Booths sell Grumpy Mule and Union among a selection of their own SO which, despite the lack of a roast date, look convincing enough (I'm sure they are re branded bags from other roasters).

Further to this, until you can provide information like the origins of your coffee and the roast dates (maybe even who roasts, if it is not yourself), the roast level, offer a range of different grinds and whole bean (different grinds are suitable for different brew methods), ect, we cant be so sure your product is any better quality than Illy, which to be honest, is pretty good until the grounds stale a day or so after opening the can.

Finally, supermarket coffee is very overpriced for what it is, Illy included, but your coffee is not any better value.

Certain roasters, such as Rave can provide 1kg of coffee for £10 delivered, whole bean or in any grind setting desired. Sure, the actual beans in the Rave blends are not so expensive, but the product is priced to reflect the cost of the parts included.

Other roasters who offer more expensive beans, such as HB are very transparent about where their beans come from and their websites even have information about the farms and the growers.

Also, you need to cut the hyperbole on your site a little bit.....

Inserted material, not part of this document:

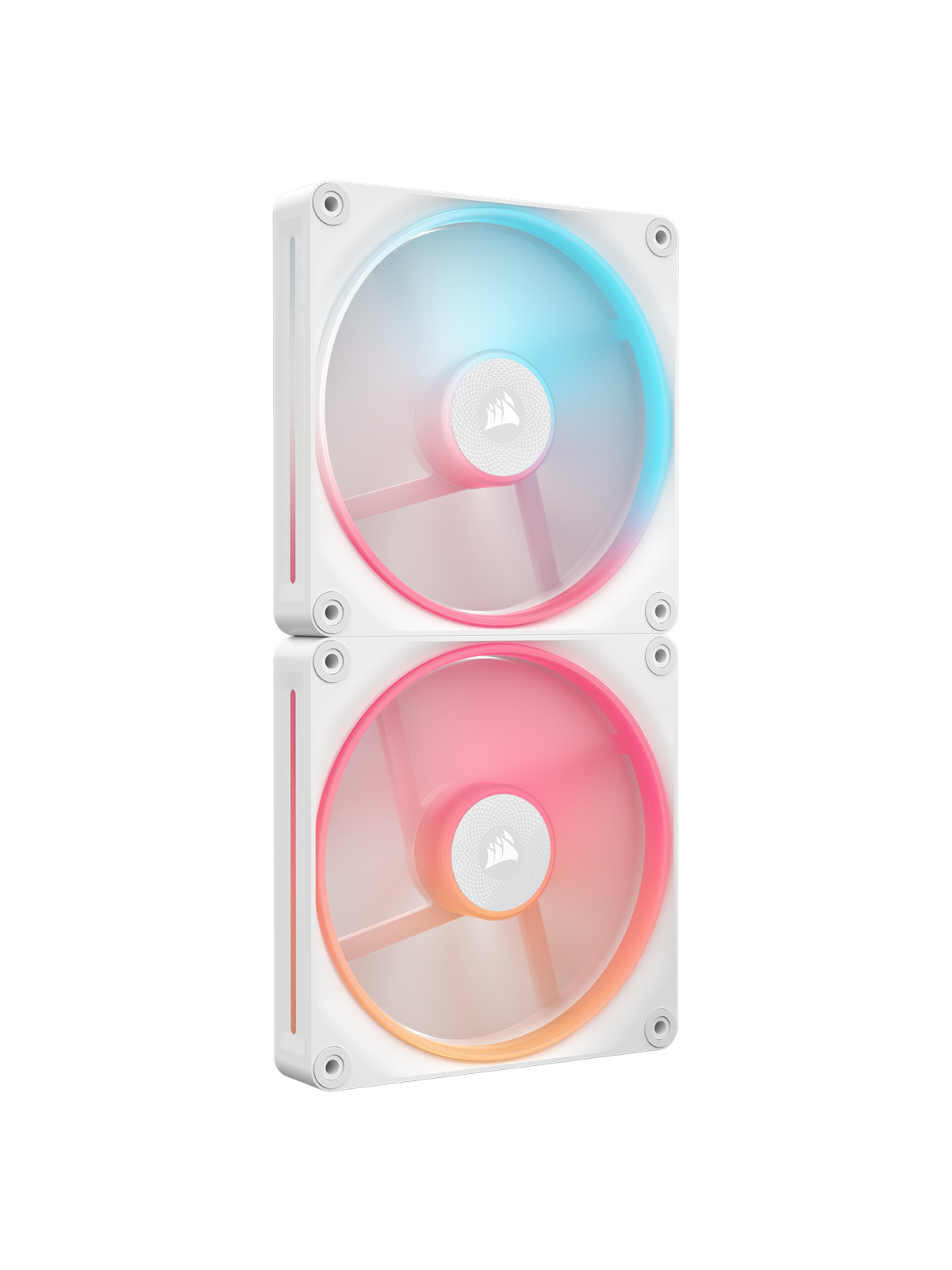 Corsair iCUE LINK LX140-R 2-pack - Kabinet køler - 140mm - Hvid med RGB - 37 dBA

What I'm saying is, almost £8 delivered for a (as of now) generic coffee product with the pretence of being better than the super-market doesn't mean anything, especially for ground coffee.

Nescaffe instant have been saying that they are the best for years, afterall.

You need a lot of transparency and to show that you love coffee and you need prices that reflect your product.

Also, the average consumer is more likely to buy out of convenience and from brand awareness and the informed consumer, that is, one who cares enough and can use the internet to hunt down quality coffee will just buy one from a well known well reviewed roaster anyway.

I think your target market is somewhat small.

I sound rather negative, but in actual fact I'm just trying to say that you have a product that is already very well sold and it is not likely to be easy without a good quality product and a very strong, well-thought out plan.


----------



## aaronb (Nov 16, 2012)

What's the long term plan?

Buying coffee from another roaster, grinding it and posting it adds additional cost on that is unnecessary as the roaster will usually grind it on request anyway.

sorry, not trying to be mean - i just fail to see what value you add by being a miiddleman?


----------



## drei01 (Aug 16, 2013)

Hi Aaron and Kyle,

Thanks for this useful feedback. Yes transparency is key to making this work, we have only just launched the site and we plan to add as much detail as possible over the coming weeks. What we add (aside from being a middleman) is the guarantee that the beans are roasted, ground and in the cup in the shortest time possible. How long has the coffee been sitting on the supermarket shelves (vacuum packs with valves still let in some oxygen)? We are also tasting and blending the coffee ourselves to get the best possible blend. Trust is the key here and we will be adding testimonials to the site.

Matt


----------



## Kyle548 (Jan 24, 2013)

It seems to me that you would save money by simply having the roaster do the work, just pass them an order and have them roast, grind and post to where ever.

But agencies are the last thing roasters need....


----------



## aaronb (Nov 16, 2012)

Exactly, there are LOADS of roasters who's entire business model is they roast fresh, put the roast date on the bag and post same day (within few days max). With the exception of 1 that I know of, they all grind free of charge.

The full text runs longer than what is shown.